Представление о «переломе» в творчестве Чехова, идущее от старой русской критики, сохранилось до наших дней, среди таких примелькавшихся трюизмов, как бессюжетность, этнографичность или «местный колорит». С тех пор «Степь» и заключена в своеобразные нераскрытые скобки: никаких соответствий с ранним творчеством, где ничто, кажется, не предвещало появления этой обширной, далекой от всякого юмора повести; никаких соотнесений с серьезными рассказами или пьесами поздних лет, словно бы ни в одной из них не был развит ни один из мотивов «Степи»; наконец, никаких сопоставлений с журнальной прозой конца 80-х годов, хотя с нею-то и сравнивали «Степь» и автор ее, и многочисленные критики.
В те годы никто не решился бы отнести чеховскую повесть к числу памятников русской литературы — не только потому, что в «толстых» журналах из месяца в месяц печатались романы и повести, ныне вполне справедливо забытые, но казавшиеся в те времена более содержательными, более соответствующими духу времени и читательским вкусам.
Обещая Д.В. Григоровичу бросить срочную работу и «приняться за крупное», Чехов заметил, что не сможет сделать это вдруг: «Выбиться из колеи, в которую я попал, нет возможности» (28 марта 1886 г.). Нужно было уладить текущие литературные и житейские дела, избавиться от постоянной занятости. В эту пору он был связан множеством обязательств, писал изо дня в день и в разных планах. Продолжалась работа в «Осколках», где все еще появлялись юмористические рассказы и сценки Антоши Чехонте; в 1886 году здесь, среди многих других, увидели свет «Месть», «Оратор», «Произведение искусства». Своим чередом шло сотрудничество в «Петербургской газете», где Чехов печатался еженедельно (иногда и дважды в неделю) под тем же знакомым широкому кругу читателей псевдонимом. Здесь можно было чувствовать себя свободнее в выборе сюжетов и тем (в конце 1886 г. здесь появился «Ванька»), но все же и здесь, как во всякой газете, нужна была злободневность. Наконец, в том же 1886 году Чехов вошел в круг авторов «Нового времени», где шла проза совсем иного стиля и содержания: «Ведьма», «Агафья», «Святою ночью», «Мечты». Сложная поэтика олицетворений и символов в этих рассказах уже предвещала «Степь».
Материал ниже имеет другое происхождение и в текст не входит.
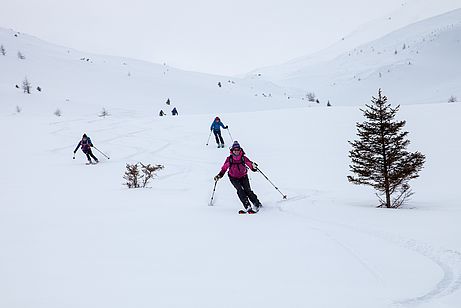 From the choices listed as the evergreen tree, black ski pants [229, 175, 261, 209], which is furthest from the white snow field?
the evergreen tree

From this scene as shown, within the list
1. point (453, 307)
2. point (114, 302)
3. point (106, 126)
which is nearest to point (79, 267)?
point (114, 302)

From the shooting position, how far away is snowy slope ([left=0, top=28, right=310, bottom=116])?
34.1 m

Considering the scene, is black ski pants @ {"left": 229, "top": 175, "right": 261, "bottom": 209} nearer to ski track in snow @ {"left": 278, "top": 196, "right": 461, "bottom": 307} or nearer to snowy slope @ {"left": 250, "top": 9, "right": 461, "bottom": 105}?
ski track in snow @ {"left": 278, "top": 196, "right": 461, "bottom": 307}

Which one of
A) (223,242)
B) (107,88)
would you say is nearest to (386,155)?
(223,242)

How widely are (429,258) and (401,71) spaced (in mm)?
51309

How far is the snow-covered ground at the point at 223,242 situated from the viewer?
344 cm

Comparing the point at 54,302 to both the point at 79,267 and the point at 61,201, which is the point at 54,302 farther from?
the point at 61,201

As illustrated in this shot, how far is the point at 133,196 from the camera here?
30.0ft

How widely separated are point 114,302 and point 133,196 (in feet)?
19.8

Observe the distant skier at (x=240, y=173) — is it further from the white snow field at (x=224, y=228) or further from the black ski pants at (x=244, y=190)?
the white snow field at (x=224, y=228)

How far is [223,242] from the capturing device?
5.12 meters

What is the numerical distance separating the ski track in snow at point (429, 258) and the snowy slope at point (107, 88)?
1247 inches

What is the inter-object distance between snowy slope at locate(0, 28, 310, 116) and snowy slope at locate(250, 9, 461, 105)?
30.8 ft

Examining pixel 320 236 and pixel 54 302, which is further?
pixel 320 236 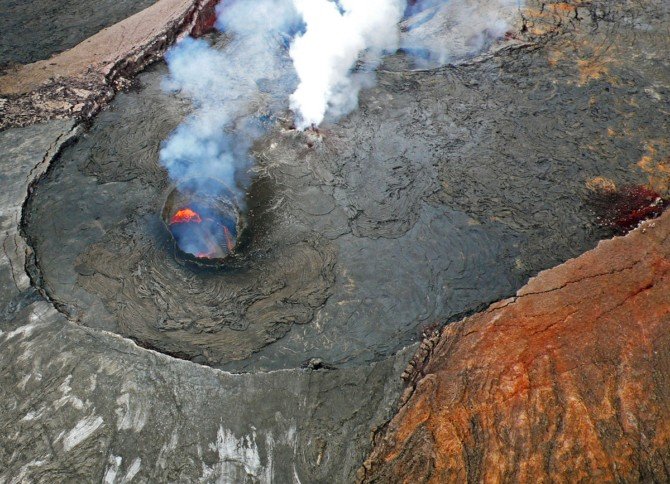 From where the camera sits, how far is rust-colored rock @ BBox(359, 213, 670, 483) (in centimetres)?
362

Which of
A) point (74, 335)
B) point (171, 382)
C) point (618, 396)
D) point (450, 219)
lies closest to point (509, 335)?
point (618, 396)

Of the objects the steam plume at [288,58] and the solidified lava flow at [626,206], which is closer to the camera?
the solidified lava flow at [626,206]

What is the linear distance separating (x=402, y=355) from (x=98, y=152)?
480cm

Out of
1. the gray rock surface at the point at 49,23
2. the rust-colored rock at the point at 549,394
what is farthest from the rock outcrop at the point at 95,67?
the rust-colored rock at the point at 549,394

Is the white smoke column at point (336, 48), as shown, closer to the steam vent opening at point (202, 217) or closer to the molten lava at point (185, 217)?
the steam vent opening at point (202, 217)

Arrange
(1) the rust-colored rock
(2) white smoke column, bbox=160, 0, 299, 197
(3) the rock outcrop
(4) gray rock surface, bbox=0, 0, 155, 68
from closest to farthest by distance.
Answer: (1) the rust-colored rock → (2) white smoke column, bbox=160, 0, 299, 197 → (3) the rock outcrop → (4) gray rock surface, bbox=0, 0, 155, 68

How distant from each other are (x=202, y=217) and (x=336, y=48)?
11.0 ft

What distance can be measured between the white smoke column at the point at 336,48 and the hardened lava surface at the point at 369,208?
1.19ft

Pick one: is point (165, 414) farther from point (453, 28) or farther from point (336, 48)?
point (453, 28)

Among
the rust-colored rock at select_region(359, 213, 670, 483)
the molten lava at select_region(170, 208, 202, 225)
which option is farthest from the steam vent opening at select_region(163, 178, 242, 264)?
the rust-colored rock at select_region(359, 213, 670, 483)

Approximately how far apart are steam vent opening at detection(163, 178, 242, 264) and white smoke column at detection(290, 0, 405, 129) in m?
1.50

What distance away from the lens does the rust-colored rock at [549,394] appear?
11.9 ft

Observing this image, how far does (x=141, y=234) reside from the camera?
5586mm

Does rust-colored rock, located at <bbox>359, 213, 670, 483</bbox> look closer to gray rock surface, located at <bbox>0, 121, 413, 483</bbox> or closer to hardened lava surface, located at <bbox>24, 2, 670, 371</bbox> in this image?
gray rock surface, located at <bbox>0, 121, 413, 483</bbox>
Свою — и немалую — долю времени отнимала врачебная практика. Чехов, по-видимому, был еще на распутье между медициной и профессиональным писательством.
С такими сомнениями Чехов уезжал в родные края. Весною 1887 года он путешествовал по Приазовью, побывал в Таганроге, Новочеркасске, Рагозиной балке, Луганске, Святых горах. А.С. Суворину 10 февраля 1887 года он писал: «Чтобы не высохнуть, в конце марта уеду на юг, в Донскую область, в Воронежскую губернию, где встречу весну и возобновлю в памяти то, что уже начало тускнеть. Тогда, думаю, работа пойдет живее...»
В письме к родным говорилось: «Пахнет степью и слышно, как поют птицы. Вижу старых приятелей — коршунов, летающих над степью... Курганчики, водокачки, стройки — все знакомо и памятно... Хохлы, волы... белые хаты, южные речки, ветви Донецкой дороги... — все это мелькает, как сон...» (7—19 апреля 1887 г.).
Чехов был подвижен, легок на подъем; он очень мало похож на писателя-затворника, кабинетного, книжного человека. Страсть к путешествиям — или, лучше сказать, странничеству — была у него в крови. Вскоре ему предстояло совершить самое далекое странствие: доехать до Сахалина и океаном — через Индию — вернуться в Москву. И никогда ничего лишнего ни в одежде, ни в быту: «все мое ношу с собой».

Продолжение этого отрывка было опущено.